** Task description **
Take the material below and extract the lines from the one with "Zakrecona Fala Let's Sea Гонски" through the one with "6389 Fairville Station Rd, Arcadia, NY 14513", word for word, without pictures.
------ Material supplied
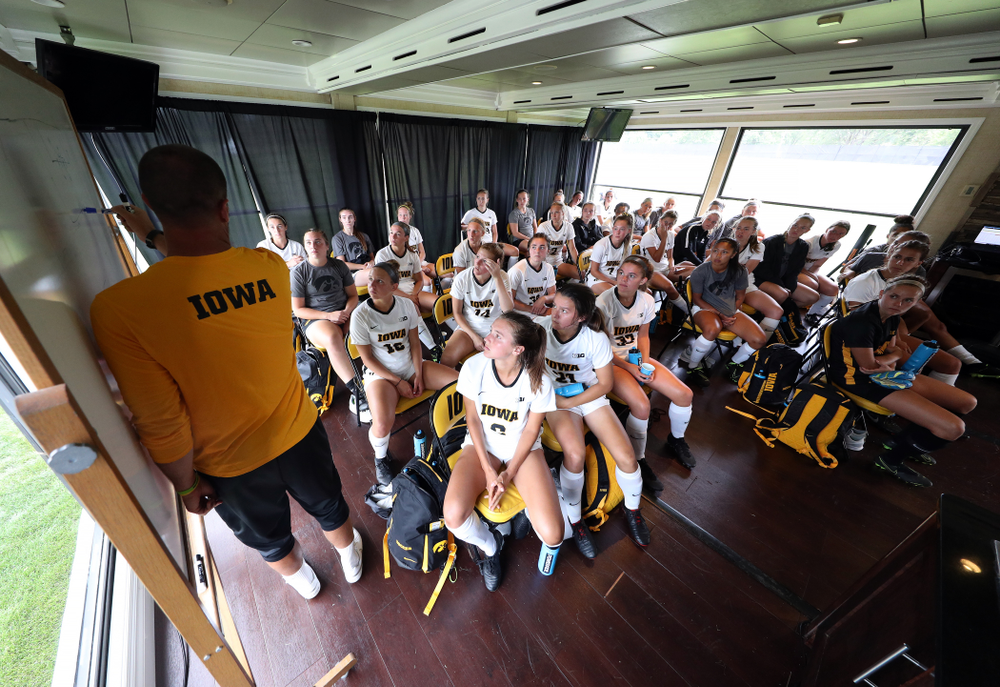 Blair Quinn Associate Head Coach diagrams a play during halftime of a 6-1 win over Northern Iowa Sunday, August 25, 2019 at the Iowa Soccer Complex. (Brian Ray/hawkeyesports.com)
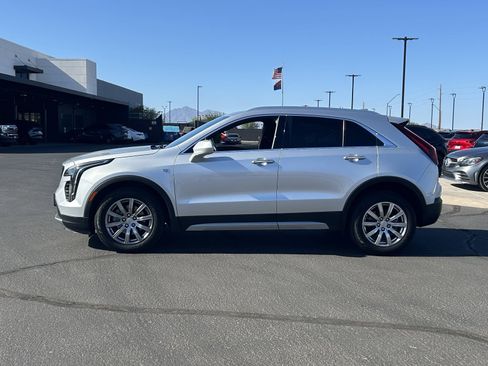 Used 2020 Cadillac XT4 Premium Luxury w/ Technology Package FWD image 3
------------
------ Material supplied
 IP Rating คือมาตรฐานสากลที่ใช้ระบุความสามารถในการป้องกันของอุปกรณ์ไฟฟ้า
------------
------ Material supplied
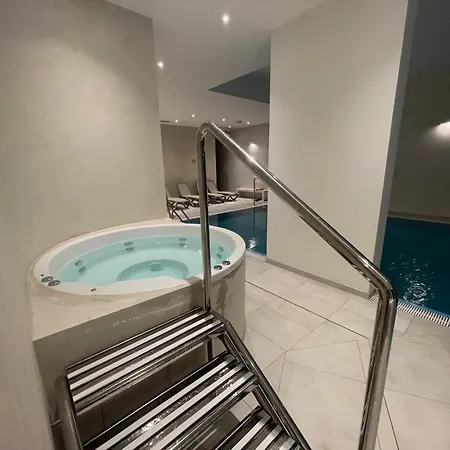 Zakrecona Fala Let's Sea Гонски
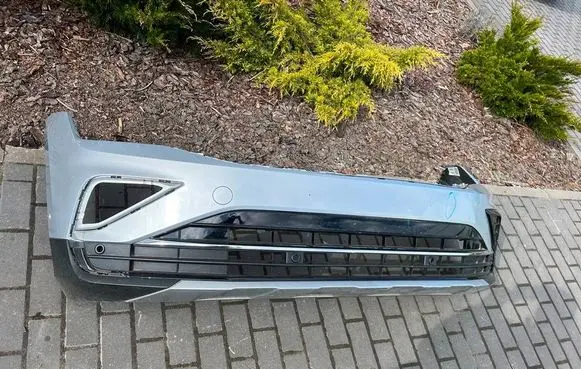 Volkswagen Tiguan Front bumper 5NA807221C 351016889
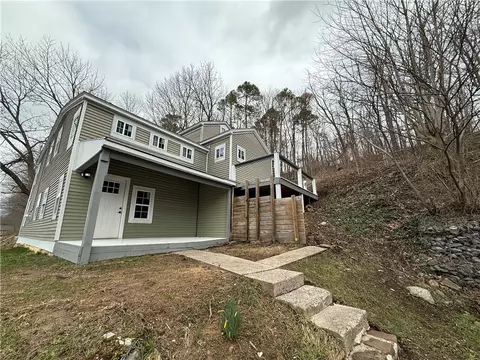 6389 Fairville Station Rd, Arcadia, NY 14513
------------
** Reply **
 Zakrecona Fala Let's Sea Гонски
 Volkswagen Tiguan Front bumper 5NA807221C 351016889
 6389 Fairville Station Rd, Arcadia, NY 14513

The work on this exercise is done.